3) Where are the promised concrete design guidelines for selective classifiers?
We include these concrete guidelines in Appendix C.
We hope that our rebuttal has addressed the reviewer’s questions and concerns and are happy to further engage with them during the discussion period!
Dear reviewer,
Now is time for the discussion with the authors. Can you please reply to their rebuttal, indicating if your issues were clarified and or answered? If that is not the case, please indicate why the answer was not satisfying.
Many thanks! Your AC
Dear reviewer,
Please respond to the author rebuttal as soon as possible - but at Aug 8, anytime on earth, at the latest. Please do not only submit the "Mandatory Acknowledgement", but also please respond with text to the author rebuttal. For example, explain why the author rebuttal convinced you, or why not.
Many thanks, Your AC.
Dear reviewer,
Today is the last chance to respond to the author rebuttal. Please do so today by end of day (anywhere on earth). Please do not only submit the "Mandatory Acknowledgement", but also please respond with text to the author rebuttal. For example, explain why the author rebuttal convinced you, or why not.
Many thanks, Your AC.
(a) This paper investigates what is needed to build a performant selective classifier. To that end, a generalization bound is introduced, that covers multiple different components. These components provide insight how the performance of an selective classifier can be improved for practitioners.
(b) Strengths: The reviewers mention that the paper is solid, theoretically and empirically, and is easy, enjoyable to read and has excellent presentation. Reviewers mention that the appendix is clear, all information is there to replicate the study, and applaud the guidelines of the checklist. While the paper does not provide a new method, the reviewers think the paper is insightful, and can help newcomers in the field.
(c) Weaknesses: One reviewer mentioned that the amount of methods is limited.

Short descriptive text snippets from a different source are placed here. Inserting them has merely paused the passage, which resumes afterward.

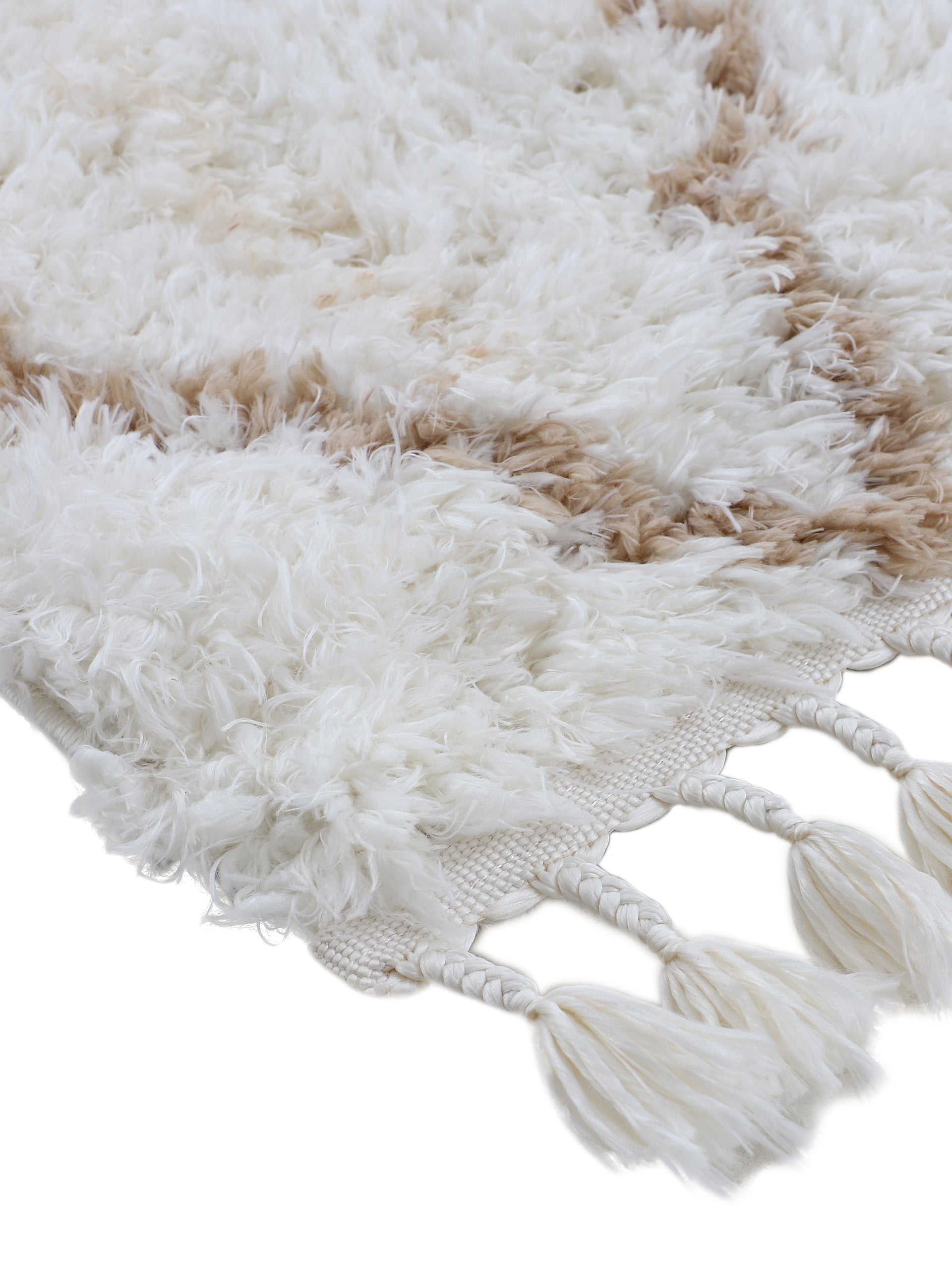 Hochflorteppich Eddy Beige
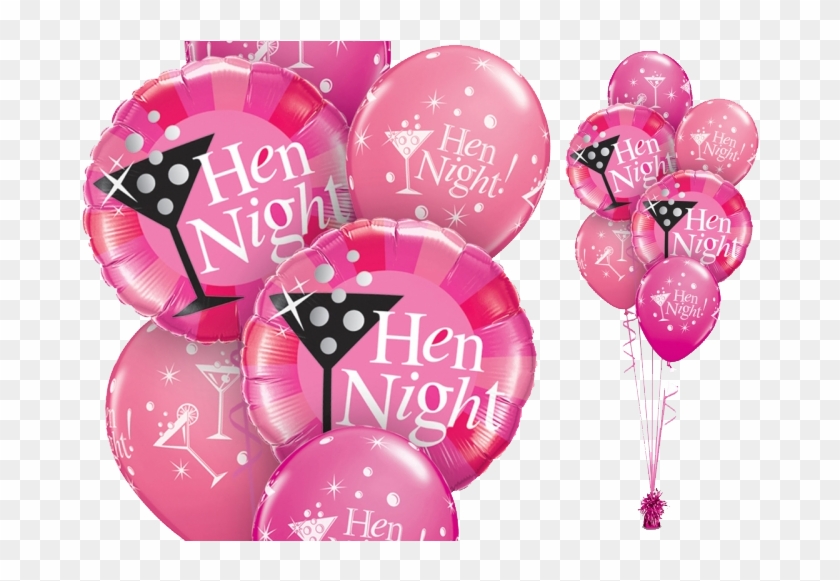 Cheap Party Supplies - Hen Party Balloon Display Clipart #2878568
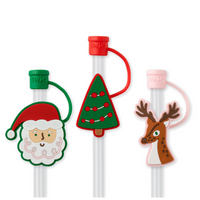 Swig “Christmas Cameos” Mega Mug Straw Topper Set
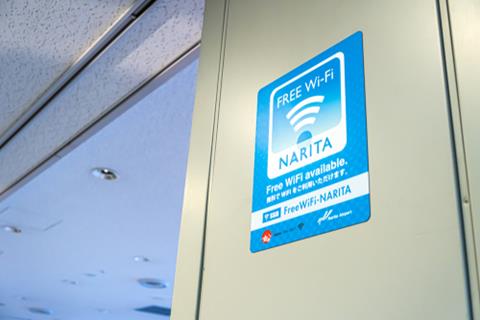 Chiba,,Japan,-,March,24,,2019:,View,Of,Free,Wifi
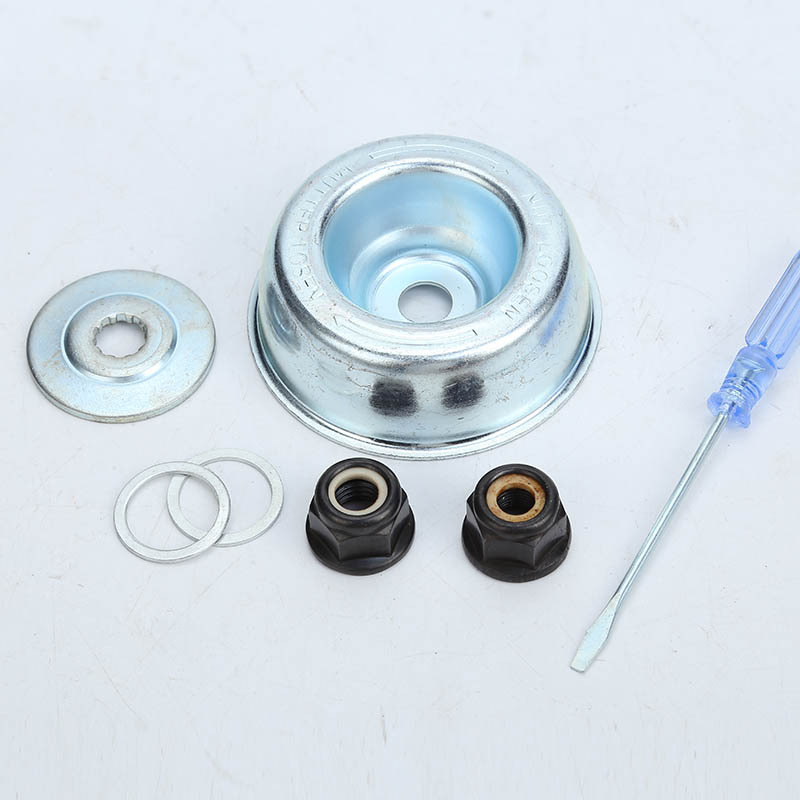 Mower universal accessories work head accessories fixed blade upper and lower gasket protective cover reverse teeth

(d) Accept. While some reviewers remark that this paper has undergone some large changes and recommend another round of peer review, I think that this paper has survived the intense scrutiny extremely well, and I disagree with some reviewers - I believe they are perhaps too strict. I think the amount of peer review and scrutiny this paper has received is exceptional and surely above average, and the authors are extremely rigorous - I trust them to carry out the necessary changes.

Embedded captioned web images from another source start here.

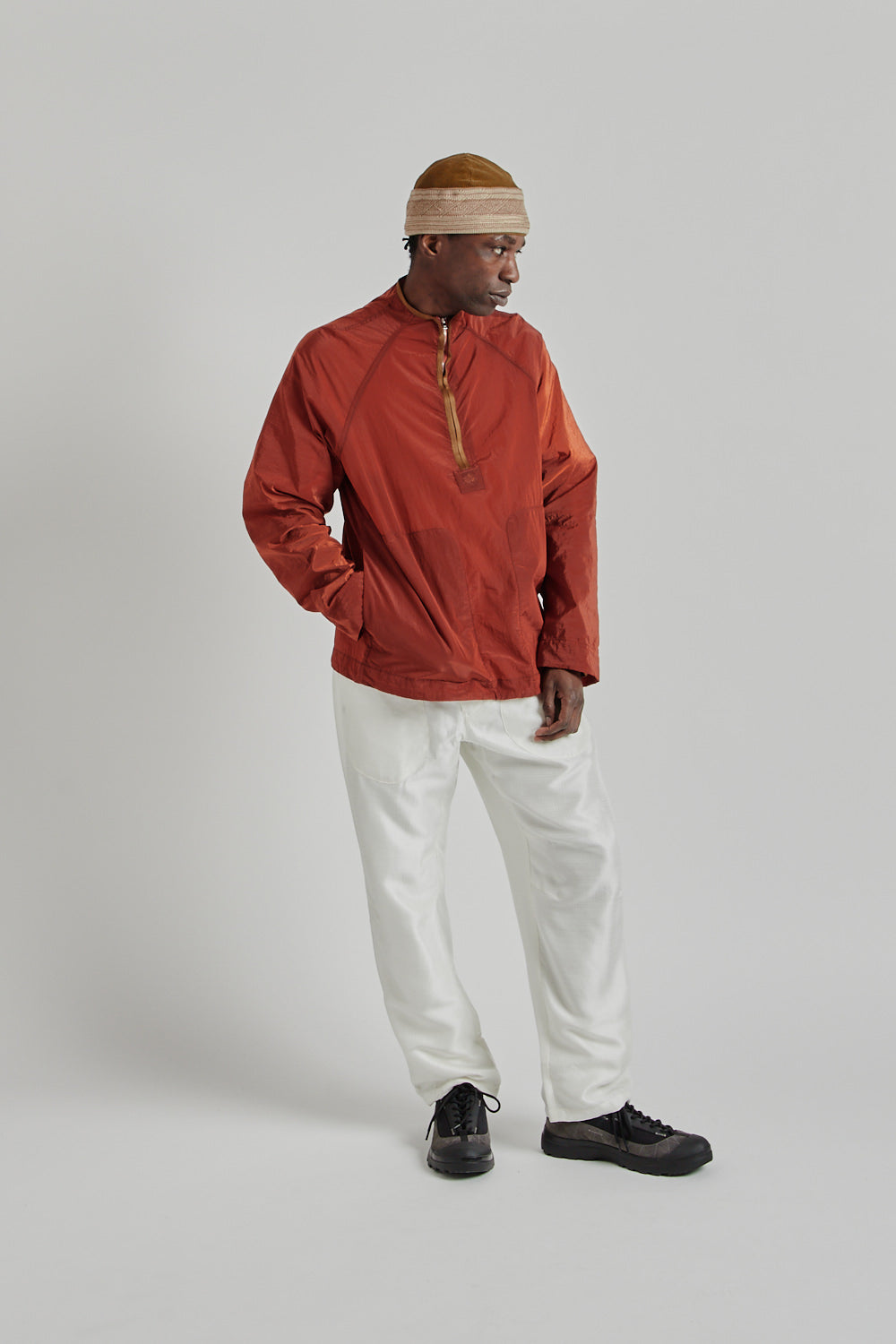 Ranra Ganga Shiny Nylon Track Top - Roasted Russet | Wallace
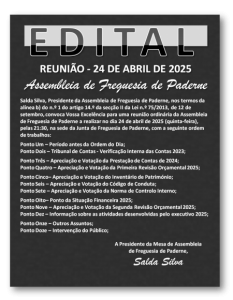 Edital - Reunião Assembleia - 24 abril 2025
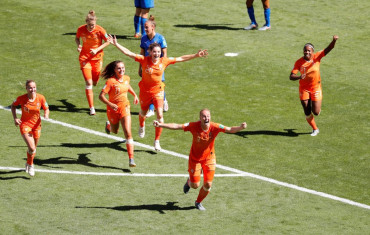 Holanda fue más y venció a Italia en los cuartos de final del Mundial Femenino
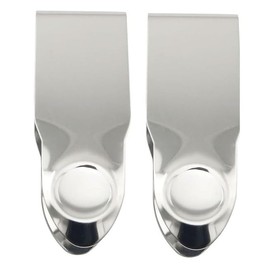 2.8 * 1 Stainless Steel Strawberry Huller Fruit Stem Remover Home Kitchen Tools for Cherry Tomato Strawberry, Silver 2PCS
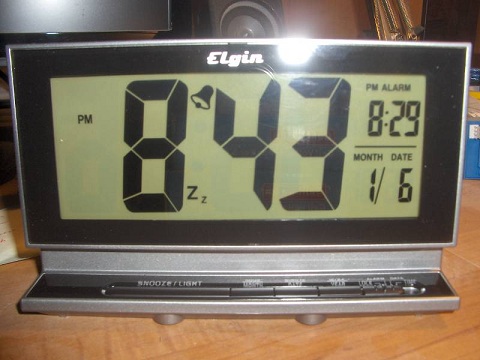 solar alarm clock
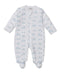 Forest Fanfare Blue Zip Footie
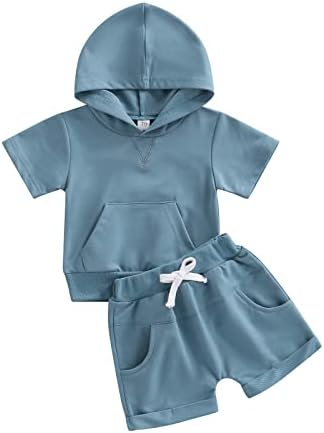 Ledy Champinswiin Newborn Baby Boy Girl Ljetna odjeća Kratki rukav Duks kratke hlače Podesite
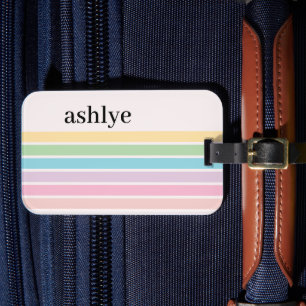 RETRO STILVOLLE MODERNE PERSONALISIERTE NAME GEPÄCKANHÄNGER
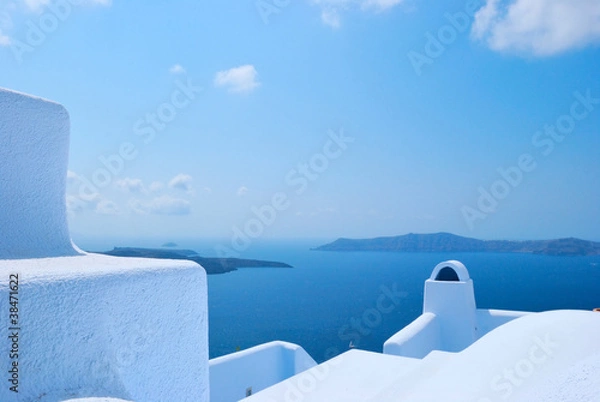 Obraz santorini island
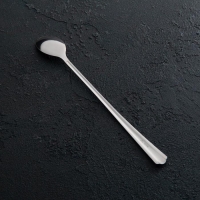 Ложка для коктейлей &laquo;Новинка&raquo;, длина 20 см, толщина 1,2 мм, упрощённой обработки, цвет серебряный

(e) Some old models and datasets were used, and the authors responded to this by providing a small LLM study. Some of the reviewers mention that some of the conclusions regarding temperature scaling are obvious - but the authors clearly indicate that empirical studies are not aware of this, and as such, their framework helps clarify empirical results. There have been several in depth discussions regarding technical details and proofs; with some mistakes that have been fixed - from what I can tell most issues have been adequately addressed.